From the line holding "YianisCY's tweet photo. #Pomos #Cyprus" through the line holding "Kalkzandsteen met vellingkant, Ophalen, Kalkzandstenen" below, write out every line exactly; include both of those lines and drop the pictures.

= Beginning of Section =

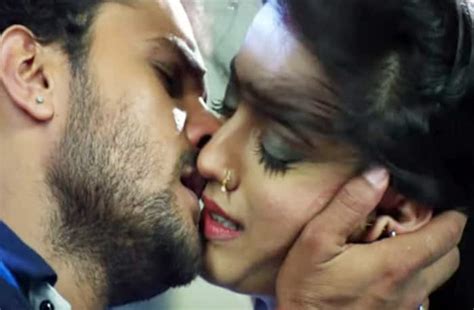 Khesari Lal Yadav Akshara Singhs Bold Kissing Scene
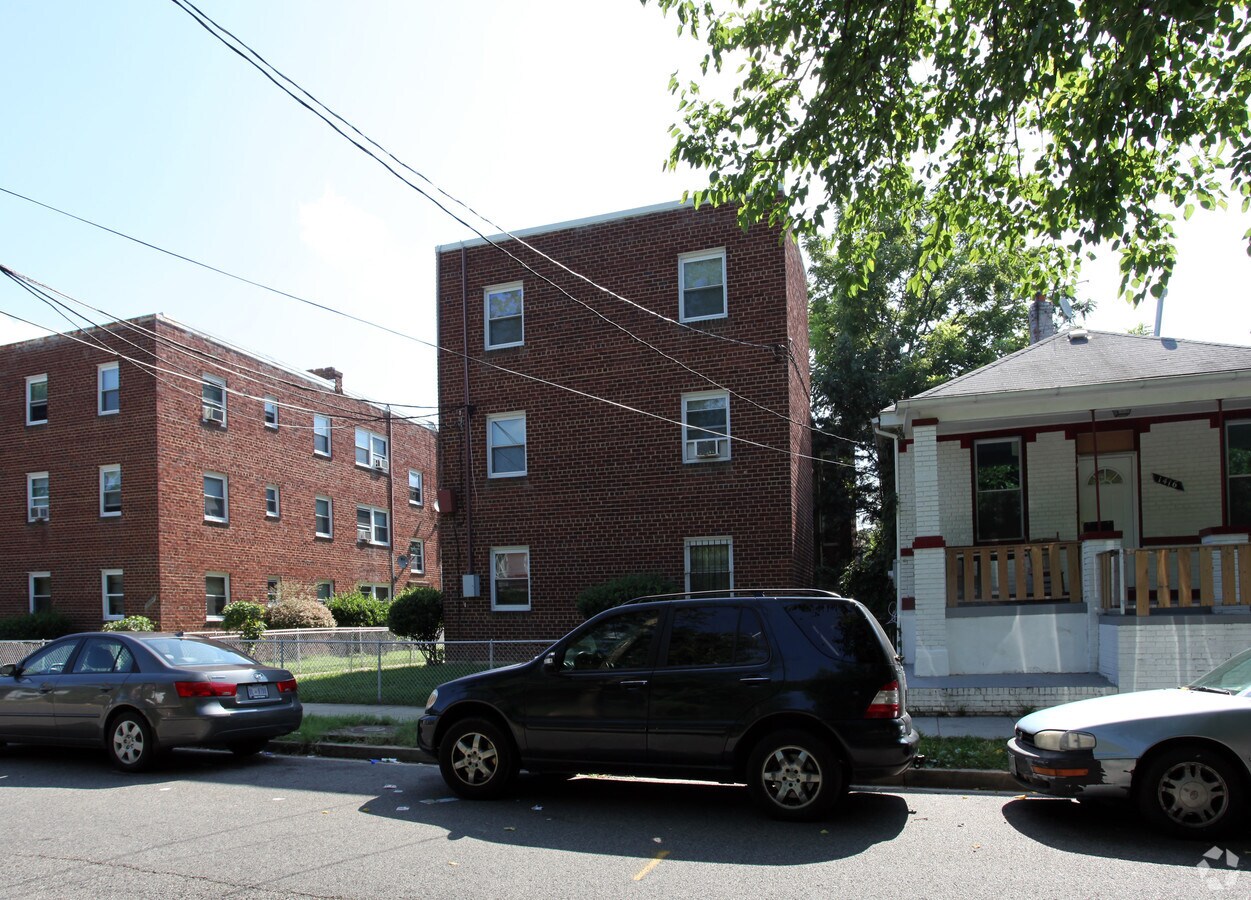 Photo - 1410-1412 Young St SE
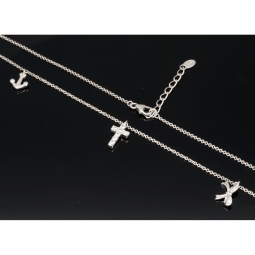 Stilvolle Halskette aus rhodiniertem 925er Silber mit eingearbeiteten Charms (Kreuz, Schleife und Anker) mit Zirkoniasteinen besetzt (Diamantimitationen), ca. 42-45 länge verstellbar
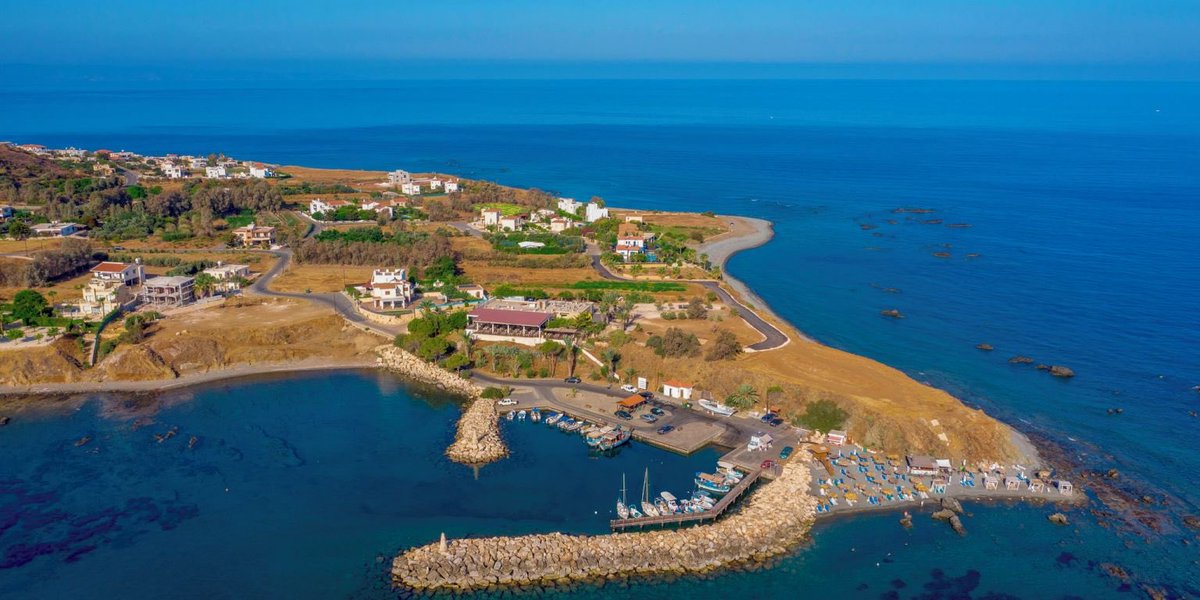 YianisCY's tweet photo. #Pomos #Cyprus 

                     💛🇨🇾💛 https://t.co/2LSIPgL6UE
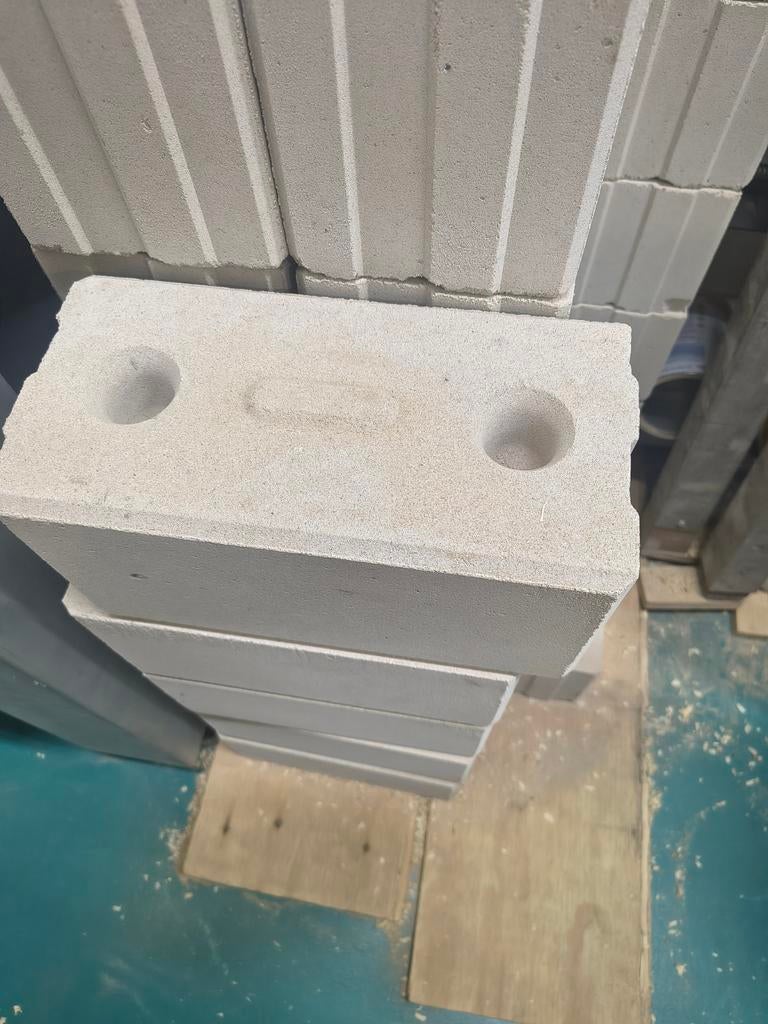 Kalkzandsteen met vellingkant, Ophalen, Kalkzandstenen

= End of Section =
= Beginning of Section =

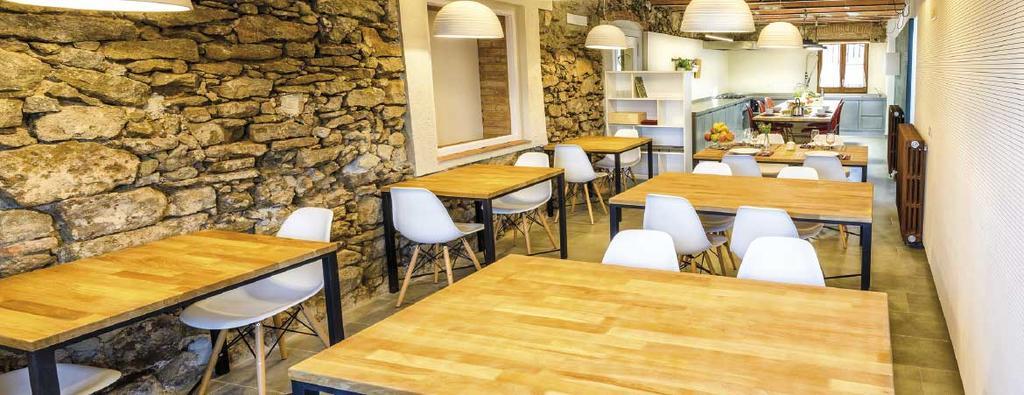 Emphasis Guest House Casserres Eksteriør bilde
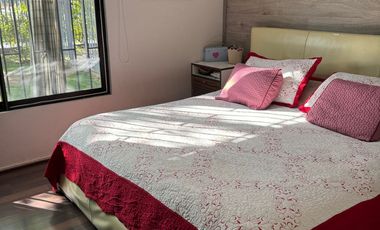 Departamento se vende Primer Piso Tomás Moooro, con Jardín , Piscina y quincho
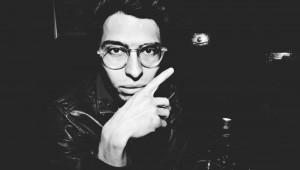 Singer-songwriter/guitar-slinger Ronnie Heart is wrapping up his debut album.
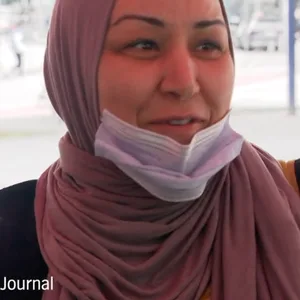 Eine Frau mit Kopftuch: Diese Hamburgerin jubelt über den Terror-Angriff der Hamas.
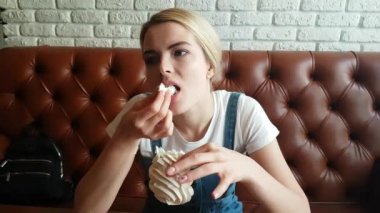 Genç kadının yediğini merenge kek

= End of Section =

▶ _Reply_
 YianisCY's tweet photo. #Pomos #Cyprus 

                     💛🇨🇾💛 https://t.co/2LSIPgL6UE
 Kalkzandsteen met vellingkant, Ophalen, Kalkzandstenen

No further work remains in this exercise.